**REQUIREMENT:**
Without including any picture, copy the entries that follow word for word.

Content starts

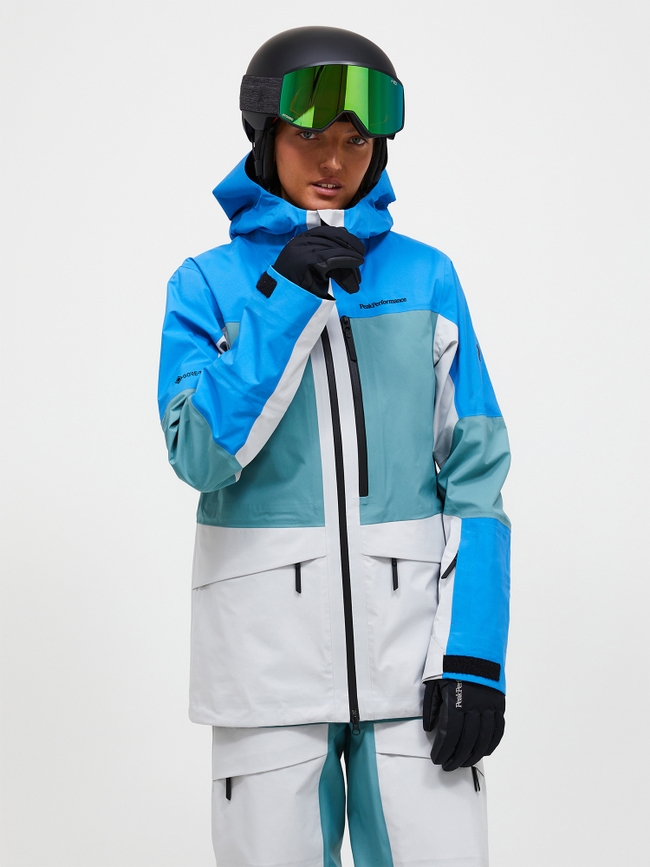 Gravity GORE-TEX 3L Shell Jacket Women | Peak Performance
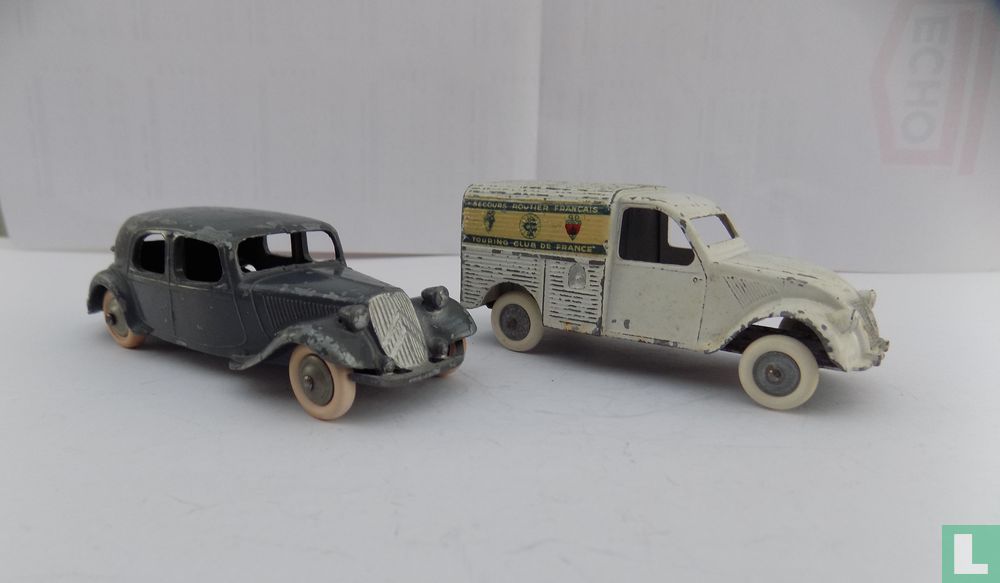 Citroën Traction Avant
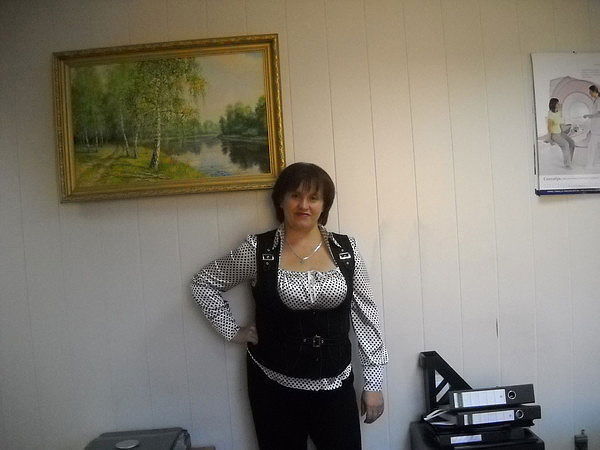 Вера Михайлова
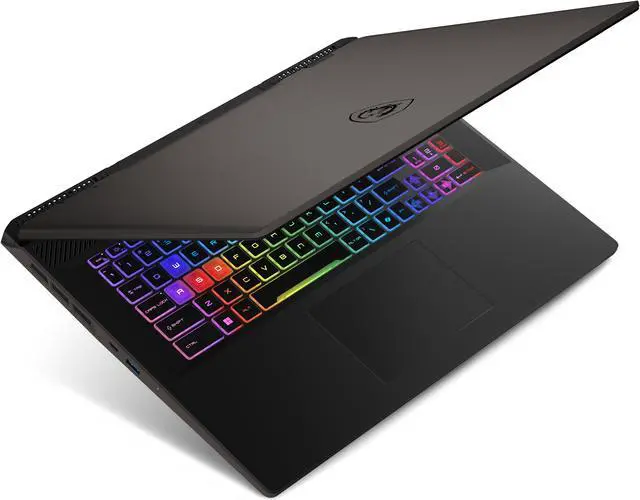 Alt view image 14 of 18 - MSI Sword 17.0" Gaming Laptop - Intel Core i9-14900HX - GeForce RTX 4070 - 32GB (16GB*2) DDR5 - 1TB NVMe Gen4x4 SSD - Windows 11 Home (Sword 17 HX B14VGKG-047US )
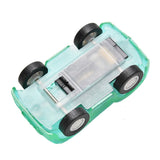 Pull Back Toy Car: Plastic (4 Pack)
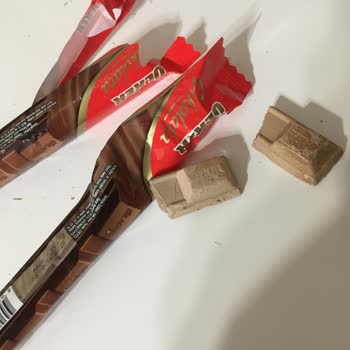Ülker Çikolatalar Bozuk Çıktı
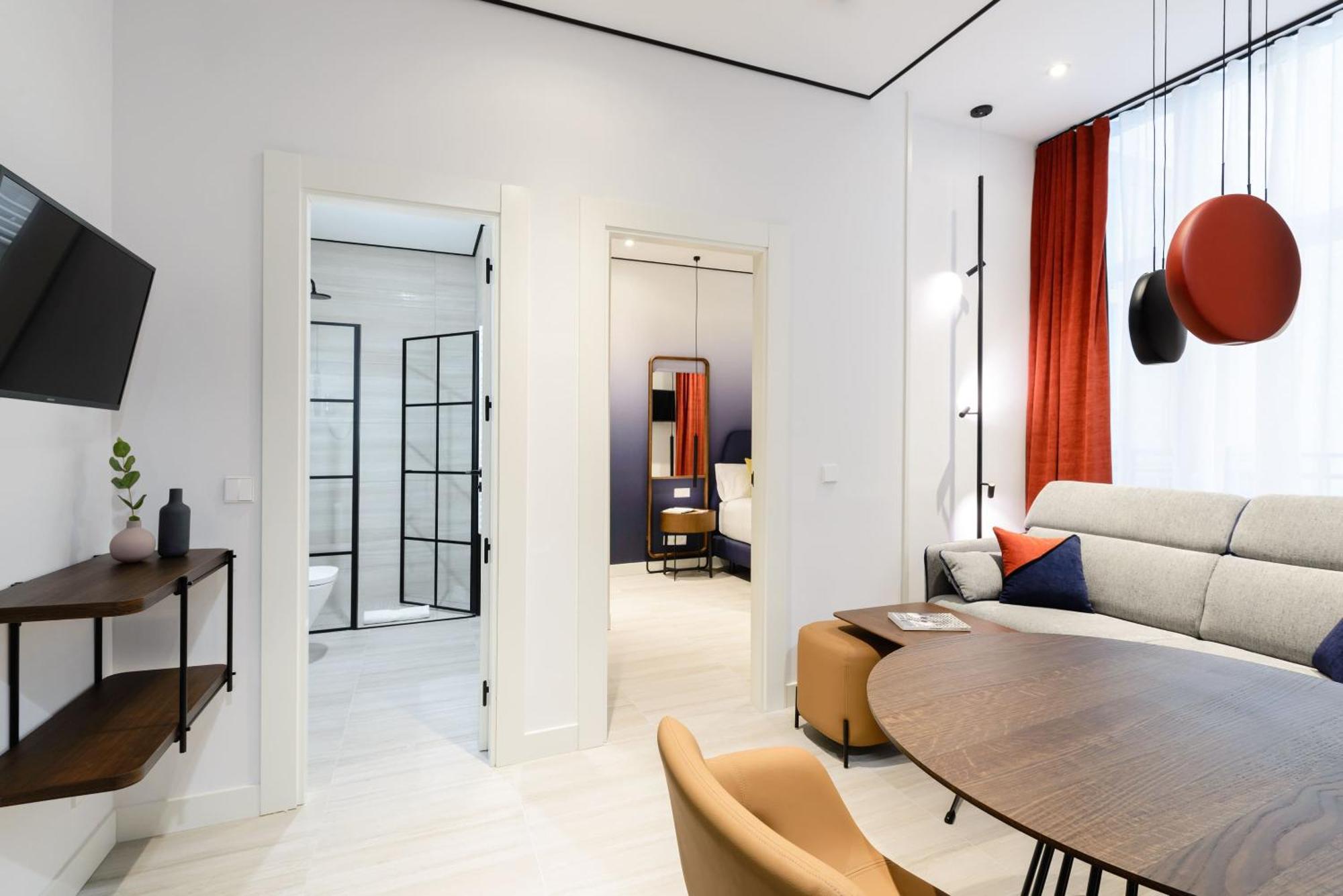 Smartrental Collection Gran Vía Centric Madrid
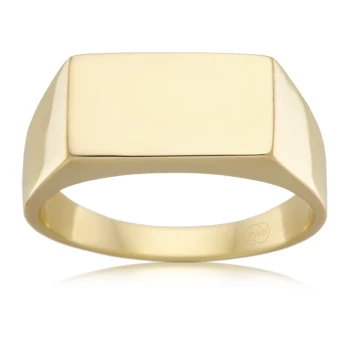 Classic Square Signet · J1201 profile reference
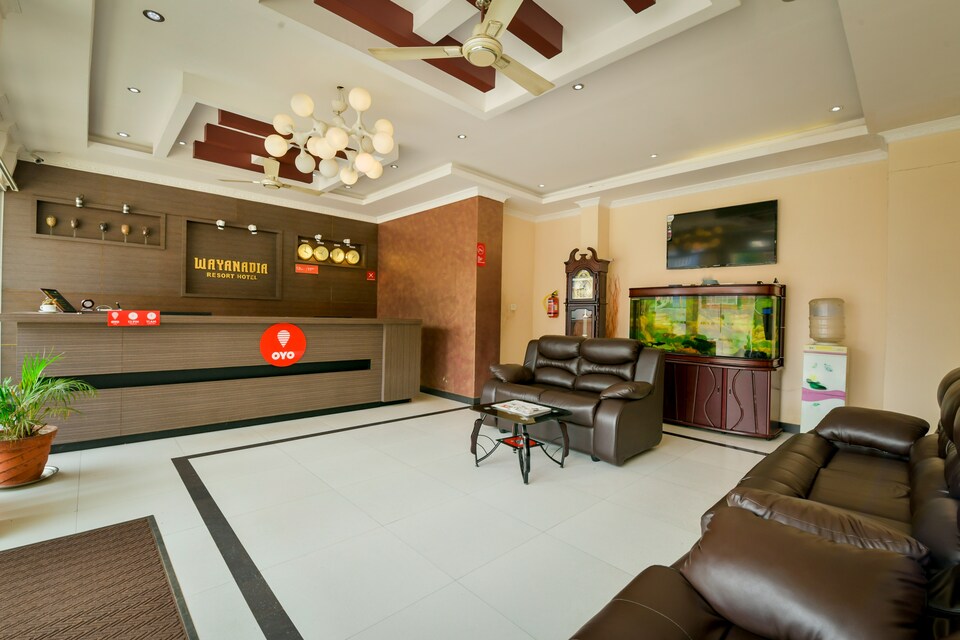 OYO 2565 Wayanadia Resort, Sultan Bathery, Wayanad
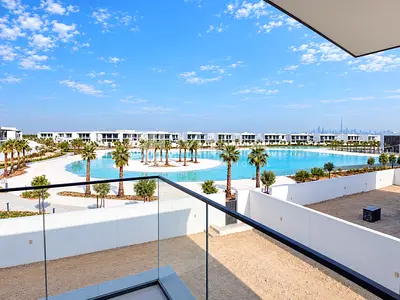 Private Lift I GuestRoom Plus 2 Maid I Lagoon View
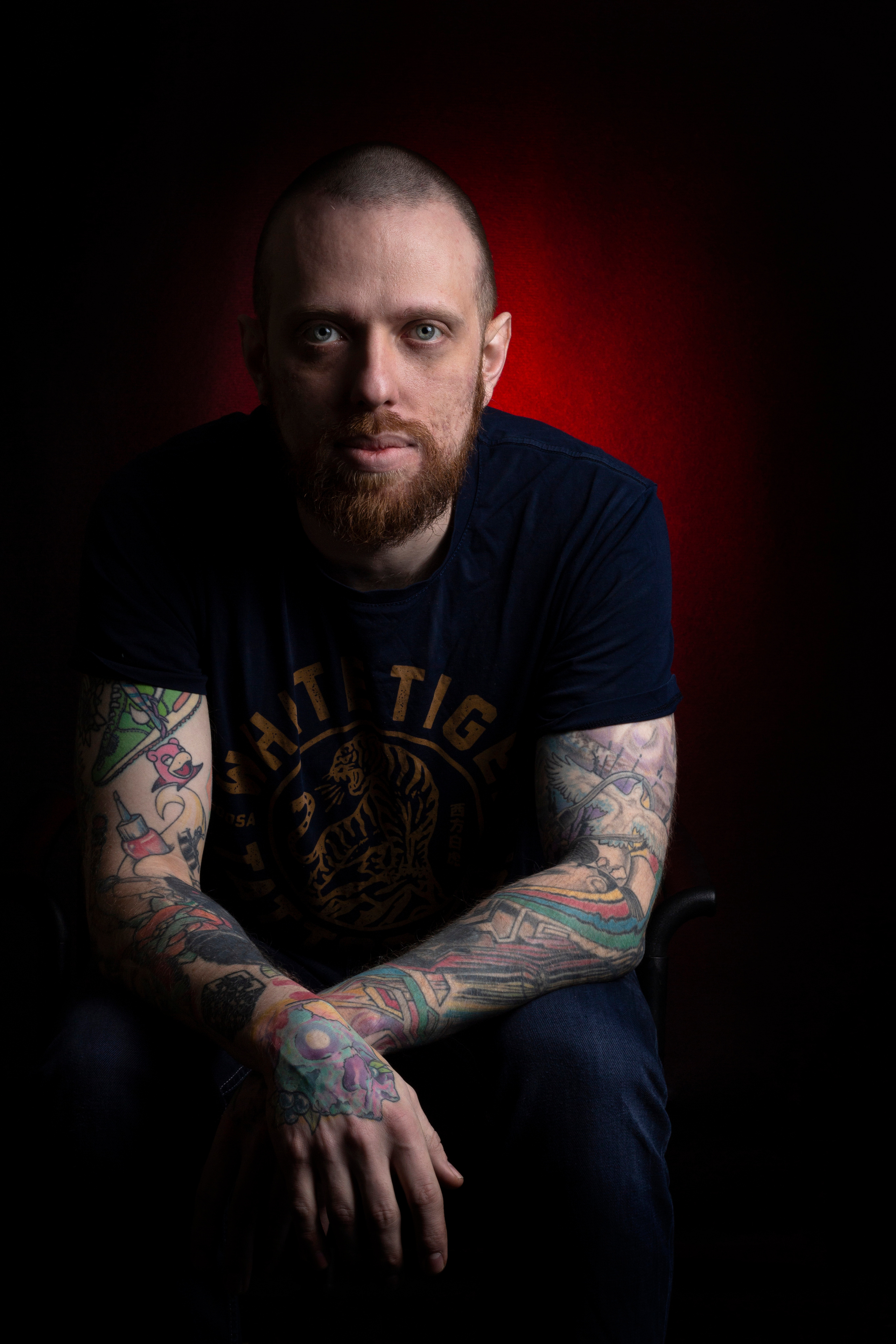 Классическое портфолио. Александр Халявин Фотограф Москва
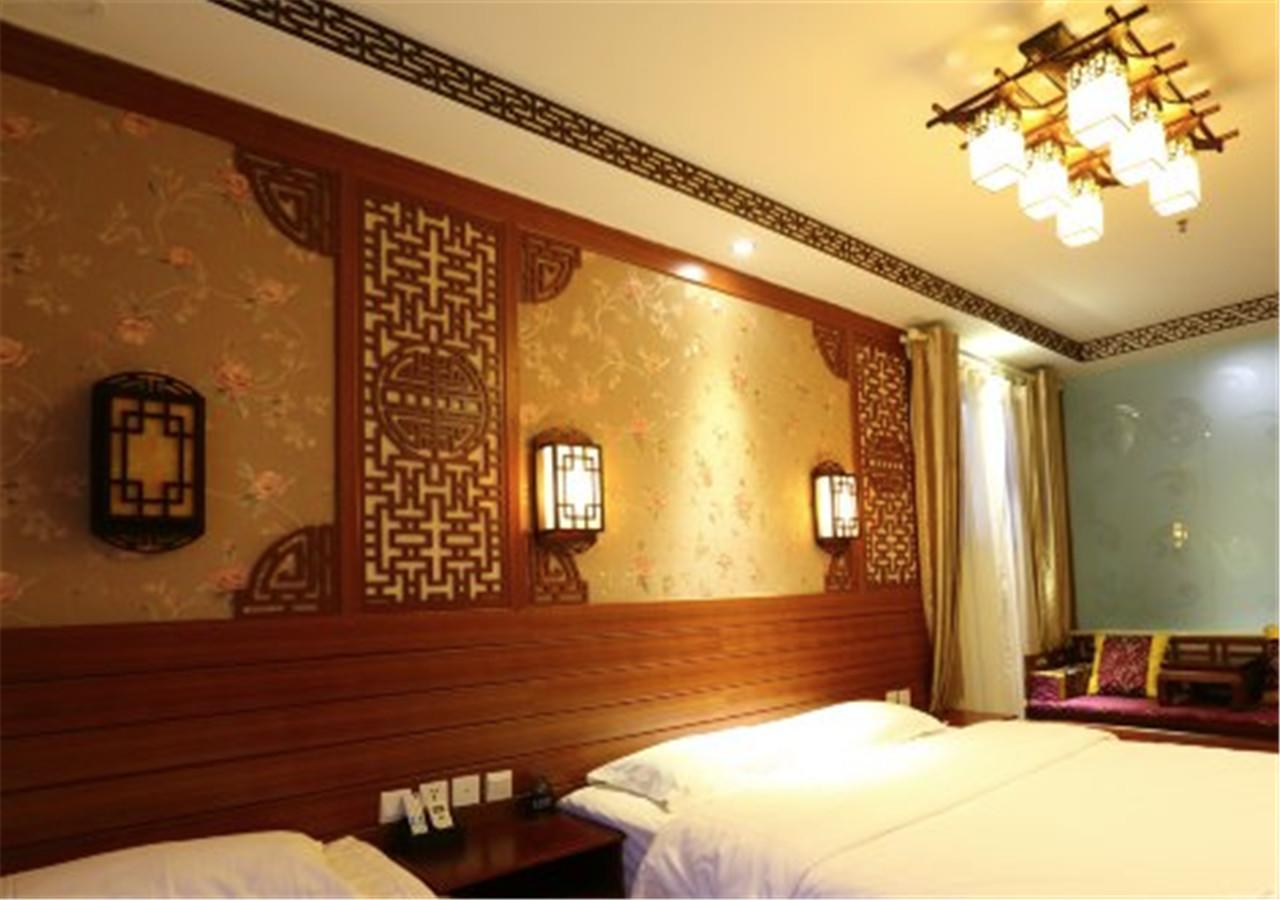 Beijing Haoyang Culture Hotel Pequim Exterior foto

Content ends

**WRITTEN ANSWER:**
 Gravity GORE-TEX 3L Shell Jacket Women | Peak Performance
 Citroën Traction Avant
 Вера Михайлова
 Alt view image 14 of 18 - MSI Sword 17.0" Gaming Laptop - Intel Core i9-14900HX - GeForce RTX 4070 - 32GB (16GB*2) DDR5 - 1TB NVMe Gen4x4 SSD - Windows 11 Home (Sword 17 HX B14VGKG-047US )
 Pull Back Toy Car: Plastic (4 Pack)
Ülker Çikolatalar Bozuk Çıktı
 Smartrental Collection Gran Vía Centric Madrid
 Classic Square Signet · J1201 profile reference
 OYO 2565 Wayanadia Resort, Sultan Bathery, Wayanad
 Private Lift I GuestRoom Plus 2 Maid I Lagoon View
 Классическое портфолио. Александр Халявин Фотограф Москва
 Beijing Haoyang Culture Hotel Pequim Exterior foto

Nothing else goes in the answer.